Solution Approach 2:
The patent introduces quantum computing as an intermediary layer between the AI system and the control mechanisms. This intermediary quantum layer handles the complex real-time processing requirements, allowing the AI system to continue operating at high speed while the quantum processor performs the monitoring and control functions in parallel.
3Adaptability or versatility
If flexible guardrails are implemented for AI monitoring, then adaptability to dynamic AI behavior is improved, but the system complexity increases
Solution Approach 1:
The patent implements dynamic guardrails using quantum computing principles. The quantum processor continuously adapts the monitoring parameters and control thresholds based on real-time AI system behavior, allowing the guardrails to be flexible and responsive without requiring complex manual reconfiguration. The quantum system's natural ability to exist in superposition states enables seamless transitions between different monitoring modes.
4Productivity
If quantum computing is used for AI monitoring, then the ability to process parallel conversions and threads is improved, but the ease of operation decreases
Solution Approach 1:
The patent implements self-service mechanisms where the quantum computing system automatically monitors and controls the AI system without requiring constant human intervention. The quantum processor independently handles parallel conversions and threads, adjusting monitoring parameters and control strategies autonomously, thereby maintaining high productivity while reducing the operational burden on users.
Applied Scientific Principles
This section explains which scientific principles are used to turn an abstract innovation direction into a practical engineering solution.

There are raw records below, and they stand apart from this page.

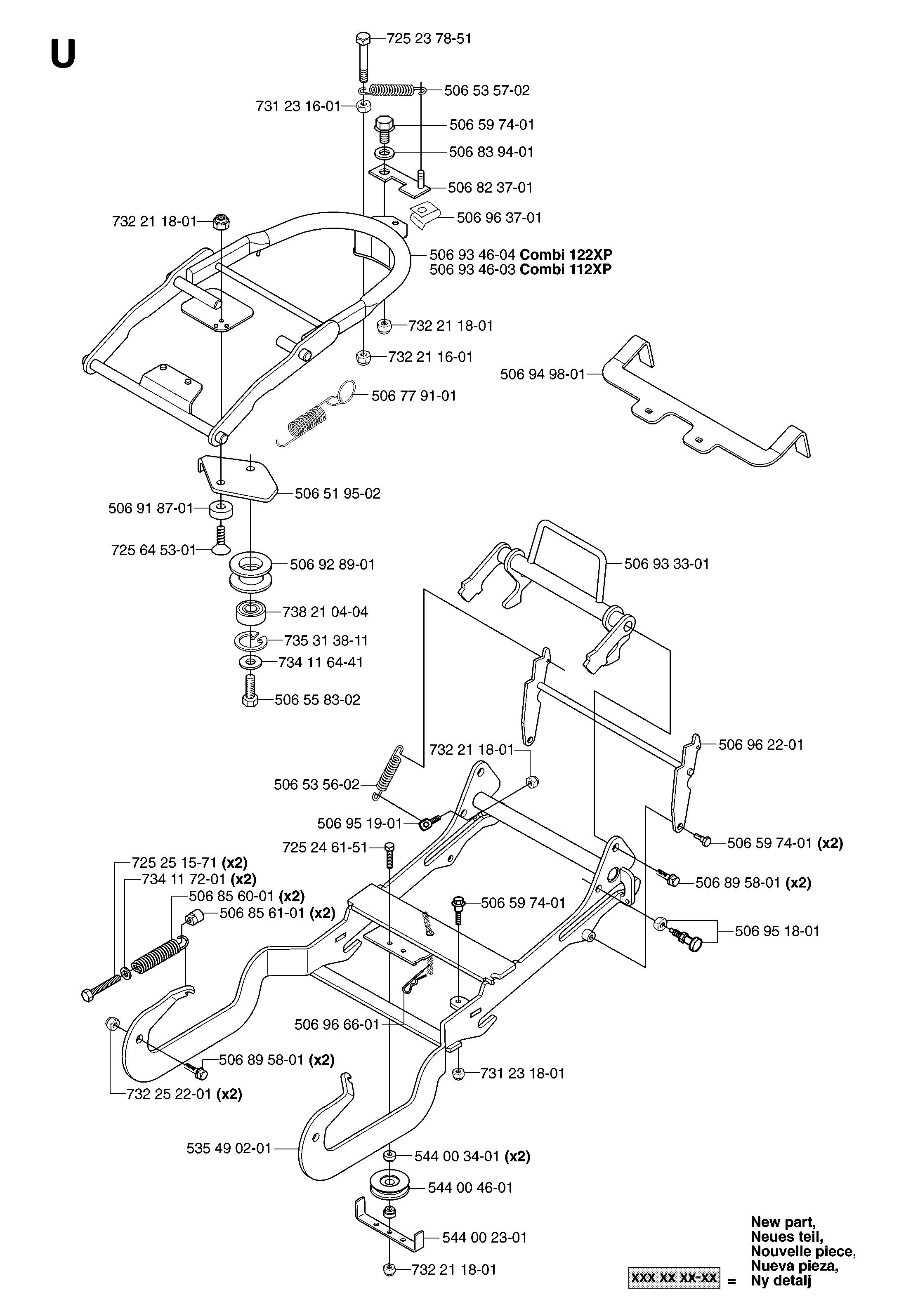 PROTECTION FRAME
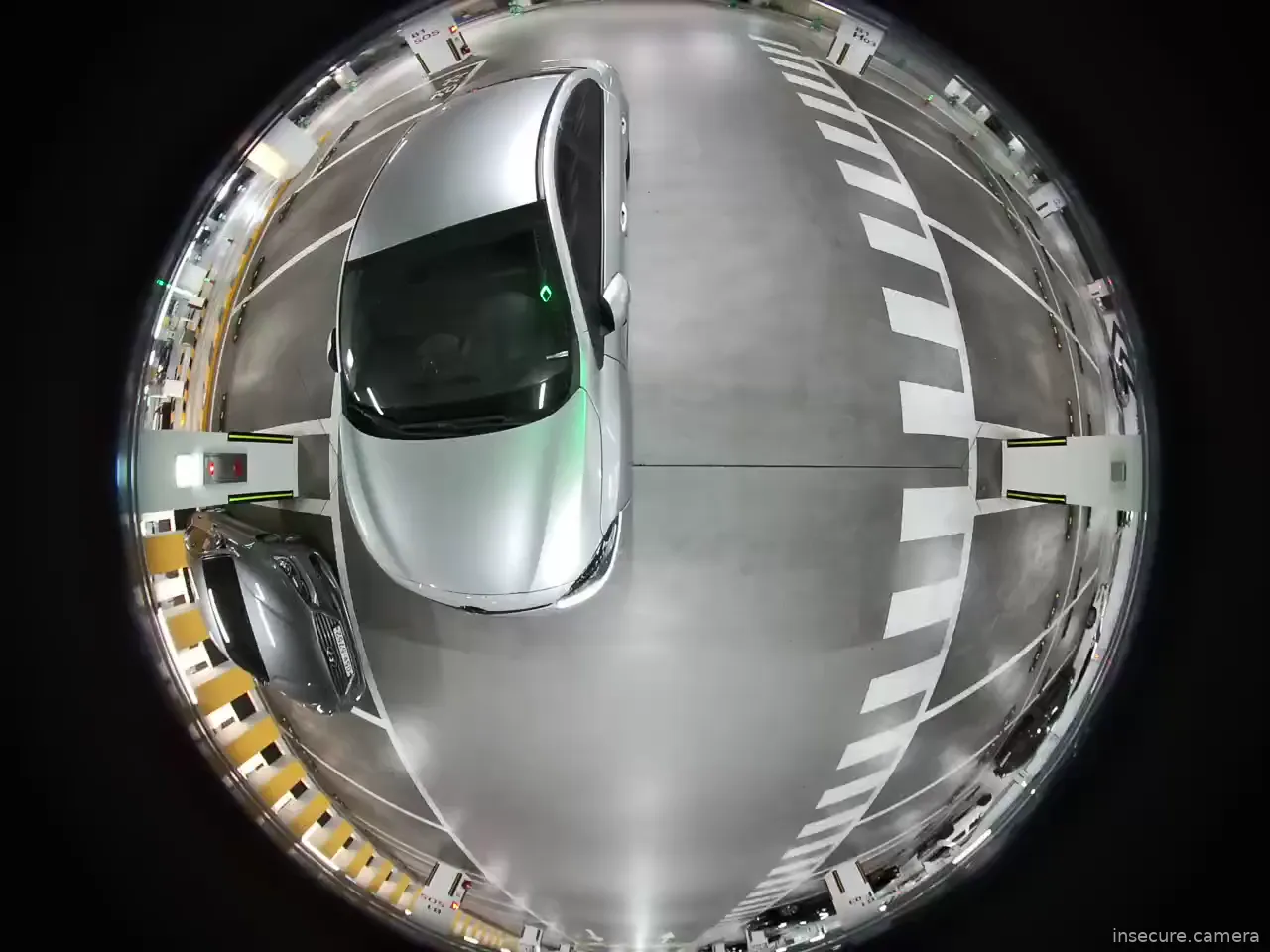 Camera in South Korea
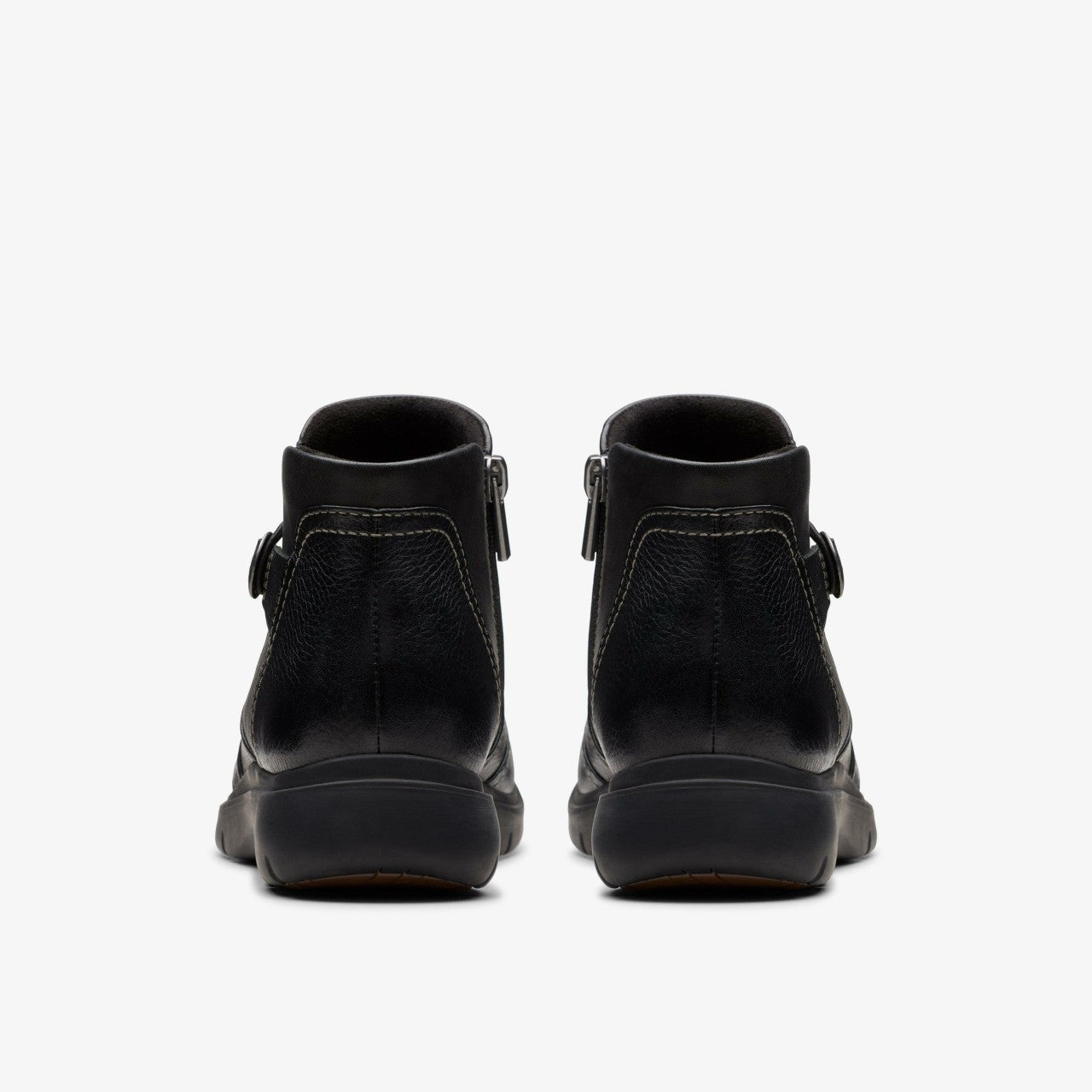 Certina Joy Black Leather Clarks Women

Function Achieved in This Case
The system provides efficient and dynamic monitoring of AI systems, ensuring they operate within defined boundaries while allowing flexibility and transparency, preventing unauthorized access and misuse, and enabling continuous oversight.
Implementation Method 1
A bit in a quantum computer is called a qubit. Quantum computing differs from classical computing in such a way that a qubit can be in a zero state and a one state at the same time.
Implementation Method 2
Quantum computing is the use of quantum-mechanical phenomena such as superposition, spin, and entanglement to perform computations.
Implementation Method 3
Quantum computing is the use of quantum-mechanical phenomena such as superposition, spin, and entanglement to perform computations.
Implementation Method 4
The systems and methods provided may orchestrate the execution of multiple Grover's conversion processes dedicated to an attribute of a boundary. The Grover's conversion processes may run in parallel on multiple data systems.
Data Source
AI summary
Systems and methods for artificial intelligence (“AI”) bidirectional monitoring with a quantum-computing-powered system as a flexible guardrail to AI are provided. The systems and methods may include a quantum processor and a classical processor. The systems and methods may include requesting data elements pertaining to boundaries. The systems and methods may include controlling boundary rules and creating classical boundary rules via a classical processor. The systems and methods may include interfacing classical boundary rules with a quantum processor. The systems and methods may include running Grover's conversions in parallel over the boundary rules. The systems and methods may include pulling dynamic market data through a legacy transformation platform including dynamically derived data values and a machine learning model (“MLM”) thereby monitoring and controlling an AI and machine learning (“ML”) processor.